§ WHAT TO PRODUCE
Copy the data precisely, character for character, and leave out every picture.

§ RECORDED DATA
:::::

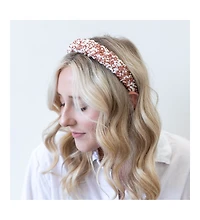 Women s All that Glitters Headband - Rose Gold + White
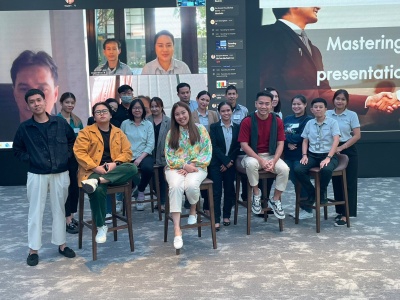บริษัท พลัส พร็อพเพอร์ตี้ จํากัด จัดอบรมหลักสูตร Mastering your presentation skills วันที่ 14 มิถุนายน พ.ศ.2566 วิทยากร : ดร.นราธิป อ่ำเที่ยงตรง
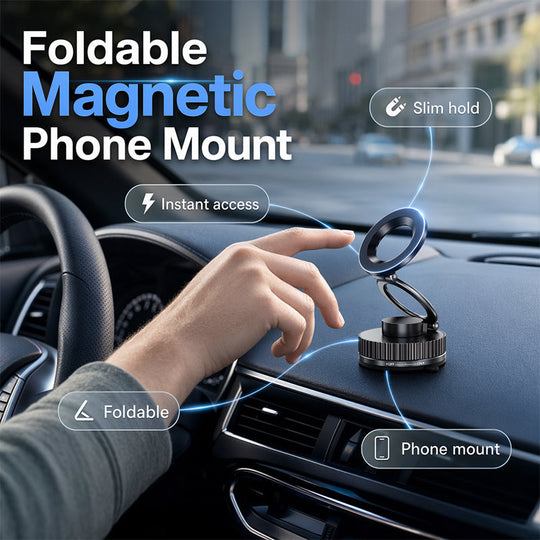 🔥Limited-time 50%OFF🔥Foldable Magnetic Phone Mount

:::::

§ ANSWER SPACE
 Women s All that Glitters Headband - Rose Gold + White
บริษัท พลัส พร็อพเพอร์ตี้ จํากัด จัดอบรมหลักสูตร Mastering your presentation skills วันที่ 14 มิถุนายน พ.ศ.2566 วิทยากร : ดร.นราธิป อ่ำเที่ยงตรง
 🔥Limited-time 50%OFF🔥Foldable Magnetic Phone Mount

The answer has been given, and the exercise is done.